Single by Commodores

from the album Hot on the Tracks
- B-side: "Cebu"
- Released: November 18, 1976
- Recorded: 1976, Motown
- Genre: R&B, funk
- Length: 3:40
- Label: Motown
- Songwriters: Ronald LaPread, Lionel Richie
- Producer: James Anthony Carmichael

Commodores singles chronology
| "Just to Be Close to You" (1976) | "Fancy Dancer" (1976) | "Easy" (1977) |

= Fancy Dancer (song) =

"Fancy Dancer" is a song by American funk/R&B band Commodores, released as a single in 1977 on Motown Records.

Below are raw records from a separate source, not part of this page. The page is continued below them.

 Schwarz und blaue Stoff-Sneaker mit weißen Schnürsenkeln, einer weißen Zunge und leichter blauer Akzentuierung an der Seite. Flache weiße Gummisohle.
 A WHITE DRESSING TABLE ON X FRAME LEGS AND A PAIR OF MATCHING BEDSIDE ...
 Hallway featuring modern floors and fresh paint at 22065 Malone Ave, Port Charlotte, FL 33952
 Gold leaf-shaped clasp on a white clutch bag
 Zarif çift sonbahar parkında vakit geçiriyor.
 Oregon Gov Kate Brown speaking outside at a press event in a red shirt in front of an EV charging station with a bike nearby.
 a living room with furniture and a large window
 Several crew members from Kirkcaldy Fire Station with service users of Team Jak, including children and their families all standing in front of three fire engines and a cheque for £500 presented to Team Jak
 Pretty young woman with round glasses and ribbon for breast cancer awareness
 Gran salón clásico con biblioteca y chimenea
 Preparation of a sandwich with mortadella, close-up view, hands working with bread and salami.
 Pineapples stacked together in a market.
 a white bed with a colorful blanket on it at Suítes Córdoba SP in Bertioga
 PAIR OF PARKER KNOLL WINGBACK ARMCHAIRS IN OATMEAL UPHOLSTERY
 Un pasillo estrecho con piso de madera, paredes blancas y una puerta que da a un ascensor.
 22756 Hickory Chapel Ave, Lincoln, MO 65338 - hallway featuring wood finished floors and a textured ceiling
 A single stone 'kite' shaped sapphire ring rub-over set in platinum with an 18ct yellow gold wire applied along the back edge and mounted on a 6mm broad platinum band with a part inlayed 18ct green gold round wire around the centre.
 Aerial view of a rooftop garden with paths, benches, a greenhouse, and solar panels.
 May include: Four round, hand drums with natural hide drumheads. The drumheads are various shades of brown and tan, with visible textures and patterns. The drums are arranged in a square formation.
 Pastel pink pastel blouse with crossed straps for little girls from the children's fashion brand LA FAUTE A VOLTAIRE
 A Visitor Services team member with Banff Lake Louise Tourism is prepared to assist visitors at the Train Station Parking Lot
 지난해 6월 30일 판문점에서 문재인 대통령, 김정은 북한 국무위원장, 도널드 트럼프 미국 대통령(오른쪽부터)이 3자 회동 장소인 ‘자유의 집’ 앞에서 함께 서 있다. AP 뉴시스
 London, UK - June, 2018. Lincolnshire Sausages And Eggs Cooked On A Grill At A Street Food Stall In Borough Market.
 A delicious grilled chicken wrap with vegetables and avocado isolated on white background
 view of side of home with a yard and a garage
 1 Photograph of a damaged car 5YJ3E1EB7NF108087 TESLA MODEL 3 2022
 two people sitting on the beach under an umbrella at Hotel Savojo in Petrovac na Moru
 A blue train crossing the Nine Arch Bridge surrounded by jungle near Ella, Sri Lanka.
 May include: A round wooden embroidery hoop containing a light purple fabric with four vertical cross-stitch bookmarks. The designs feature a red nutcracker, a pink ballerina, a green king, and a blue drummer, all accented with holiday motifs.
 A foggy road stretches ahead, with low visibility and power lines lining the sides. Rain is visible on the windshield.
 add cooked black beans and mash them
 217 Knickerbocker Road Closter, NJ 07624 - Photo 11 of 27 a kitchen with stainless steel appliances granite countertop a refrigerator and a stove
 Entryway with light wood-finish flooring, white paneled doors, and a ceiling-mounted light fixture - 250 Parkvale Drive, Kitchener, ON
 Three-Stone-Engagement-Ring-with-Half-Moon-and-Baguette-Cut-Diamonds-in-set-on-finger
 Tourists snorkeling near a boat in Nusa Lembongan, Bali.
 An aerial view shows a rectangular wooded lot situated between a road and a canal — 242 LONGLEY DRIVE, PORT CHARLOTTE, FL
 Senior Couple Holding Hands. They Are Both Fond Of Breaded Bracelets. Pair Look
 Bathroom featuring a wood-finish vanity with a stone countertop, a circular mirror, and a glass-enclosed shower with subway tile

The song peaked at No. 9 on the US Billboard Hot Soul Singles chart and No. 39 on the US Billboard Hot 100 chart.

==Critical reception==
Jason Elias of AllMusic remarked, "With a hot woman as its muse, "Fancy Dancer" has a sound and arrangement that's the aural equivalent of the woman gyrating on the dancefloor. This track, like most of their pre-1981 funkier tracks, seemed to embody a randy nature, different than the Bar-Keys but just as potent in a relaxed and adventurous way".

Alex Petridis of The Guardian commented, "it's less celebrated than Brick House, but just as funky, in a low-slung way."